St. Augustine tells us that "prayer is the soul's breathing." Two fundamental aspects emerge from this image: First, prayer, like breathing, is extremely natural to the human person; second, those who cease to breathe automatically die. In a word, prayer is both natural and indispensable. Let us begin by analyzing the first characteristic, "natural." When Teresa of Avila affirms "that souls who do not practice prayer are like people with paralyzed or crippled bodies; even though they have hands and feet they cannot give orders to these hands and feet,"(9) she attests to the "natural" reality of prayer. Thus, if a healthy person would not dream of saying that breathing is difficult, impossible, or boring, how can one be justified in saying, "I cannot pray" or "Prayer is difficult"? If it were true [if breathing were difficult], the person would be sick. It is the same with prayer. To admit that it is difficult to pray, or that prayer is difficult or tiresome, is to reveal a suffering soul. Just as breathing is a perfectly natural function of the body, so prayer is natural to a spiritually healthy soul. But how does one define a healthy soul? In a word that is both simple and clear: Love. Love has been defined in many ways. According to St. Thomas Aquinas, "To love is to want the happiness of others,"(10) or better still, "Is not making others happy the best happiness?"(11)
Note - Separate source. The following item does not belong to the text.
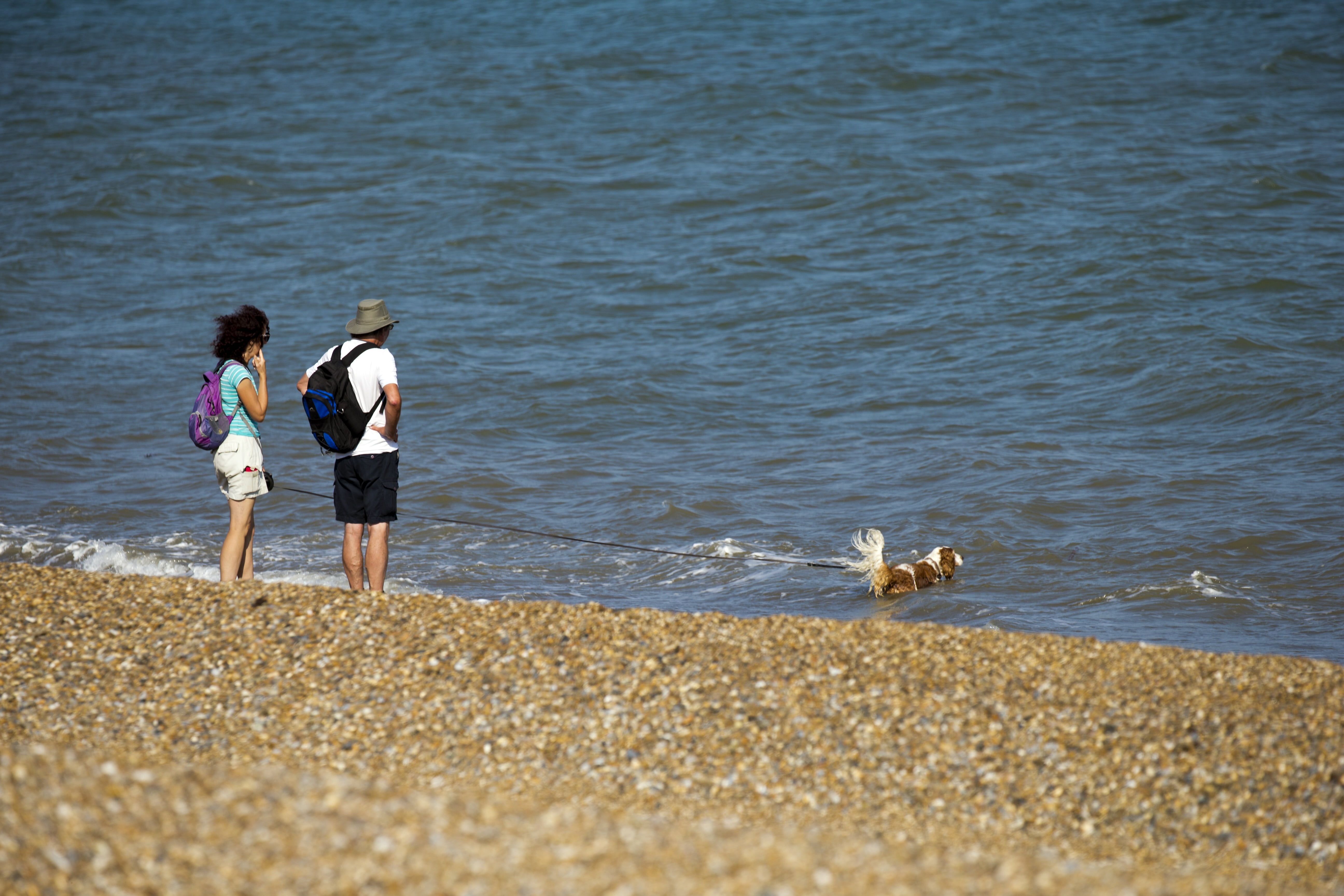 people, animal themes, nature, real people, dog swimming, sea, outdoors, land, standing, togetherness, sand, pebbles, suffolk, beach, casual clothing, two people, HD Wallpaper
And this desire constitutes the greatest of all beatitudes; their happiness becomes ours, their misfortune our own. For such persons, the words "you" and "me" are one. According to the Buddhist maxim, "it is singing in tune with the other's melody." "No one has greater love than this, to lay down one's life for one's friends" (Jn 15:13). Love knows only how to love and thinks only of giving itself. "Those who want to save their lives will lose them, and those who lose their lives for my sake will find them" (Mt 16:25). From a heart capable of loving that much, prayer flows spontaneously. Even in ordinary everyday greetings such as "Good health!" "Good luck!" and "Safe trip!" one finds expression of this desire for the welfare of others. When natural catastrophes occur, people in that country observe together a minute of silence for the blessed repose of the dead victims. In such tragic moments there is not the least doubt that even atheistic Communists or those who live without regard either for God or for Buddha pray in their own way for the happiness of others. According to a Latin maxim, Anima potius est ubi amat quam ubi animat, that is, the soul is more fully present where it loves than where it simply lives [i.e., the body]. In other words, true life is love. For human beings, to live is to love; not to love is to die. In Japanese, "to die" is nakunaru, which means literally "not to be" or "to cease to exist." Our only reason for existing is to love. Not to love is to lead a life of suffering worse than death. St. Augustine expresses this very precisely when he defines the pain of the damned as "self- contradiction" (contradictio sui ipsius). It is said that among the mentally ill, some break glass and then cut themselves with the broken pieces, leaving themselves covered with blood. "Night and day among the tombs and on the mountains he was always howling and bruising himself with stones" (Mk 5:5). When we detest or despise others, do we not feel the pain of being in tragic contradiction with ourselves? This pain is death; it is hell, for hell does not exist only after death. On the contrary, it is the hell we experience during our lifetime that reveals its true nature.

Prayer is the breath, the warmth of love; hell, the frozen loveless place of suffering. From this we understand that prayer is absolutely indispensable; without it we cannot love, and without love we can only pretend to pray, for prayer and love are inseparable. True prayer consists neither in the number of words nor in the length of time we spend in meditation. If we wish to know whether our prayer is authentic, let us first examine our love for our neighbor. Is it not rather fickle?